Give her 8 mg, he said.

Is that safe? I asked.

Yes, it will calm her down and then we need to get her an appointment soon, so we can adjust medications.

I gave J.A. eight pills as per her doctors directive and told her they would help. And in that moment, the pills did help. She calmed down and eventually fell asleep.

The eventual adjustment in medication was to prescribe J.A. dissolvable clonazepam tablets that she was to take PRN (pro re nata, Latin for as needed) whenever the anxiety or emotional turmoil became too great. Soon the little silver foil packets of clonazepam were stashed around the house, in the car, and in J.A.s purse. For a while, I even carried a couple with me in case she needed them. At that point, we still did not know that the daily emotional upheaval was drug-induced akathisia.

Clonazepam continued to be used as a calming agent throughout her withdrawal from the “atypical antipsychotic” Latuda in 2016. As J.A. and I have mentioned in earlier articles, the impact of that withdrawal was devastating. Clonazepam was used extensively; at its height, J.A. was taking up to 4-5 mg per day.

Now, more than nine years after I first gave her that 8 mg dose, we are still tapering from clonazepam. We recently dropped the current daily dosage from 0.34 mg per day to 0.31 mg per day. Every time J.A. drops, we cant help but brace for the numerous withdrawal effects that range from mild, to moderate, to severe. The taper process is incredibly slow and incredibly counterintuitivejust as she begins to feel better from the last dose drop, we know it’s time to do it all over again.

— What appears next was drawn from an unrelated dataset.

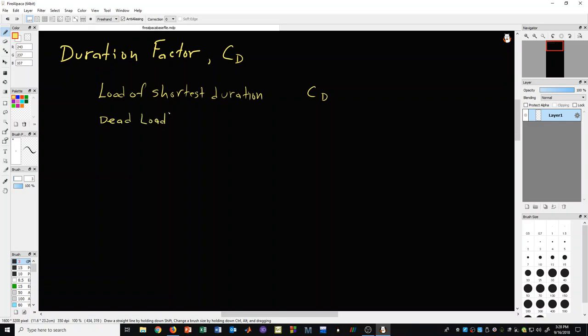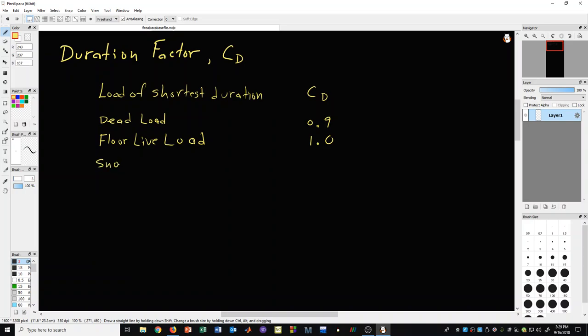If dead load was the load of shortest duration, then a person would use a C sub D factor of 0.9. If the load of shortest duration was floor live load, then we would use a C sub D factor of 1.0. If we had snow, we would use 1.15 typically. If we have roof live load, then we would use a C sub D factor of 1.25.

This paradox is at the heart of psychiatric medications. Intense emotional distress is counteracted by a pill, so an immediate crisis is averted, but all of the underlying factors that initiated the crisis remain. So another pill soon needs to be taken. And then another pill is taken. The entire process becomes a slow-moving downward spiral until the medications have you so far down in a hole it can feel impossible to climb out. The process of withdrawing from these drugs is a slow climb out of that steep hole.

A concerned family member or friend can only observe the process from the outside. When J.A. was in crisis in 2014, I reached out for help and the help I was offered came in the form of eight pills. The pills averted the crisis but did nothing to address the underlying cause of J.A.s distress. In hindsight, I know her distress was caused by drug-induced akathisia from Latuda (among other psychotropic drugs she’d been prescribed).

She was on Latuda because after years of taking Abilify, she had developed metabolic syndrome. After the eight-pill clonazepam crisis, the medication adjustment her psychiatrist made was to switch her to the (then) latest and greatest “atypical antipsychotic” (though the more accurate term is ‘neuroleptic’), despite the fact that this class of drugs all work in roughly the same way and cause the same metabolic dysfunction (among other side effects, including akathisia). For a year or so things appeared to improve; the lateral shift to a new neuroleptic seemed to be the right, albeit more expensive, move. Yet, the reprieve from the shift was very temporary as the metabolic syndrome continued and her daily neuroleptic-induced akathisia worsened.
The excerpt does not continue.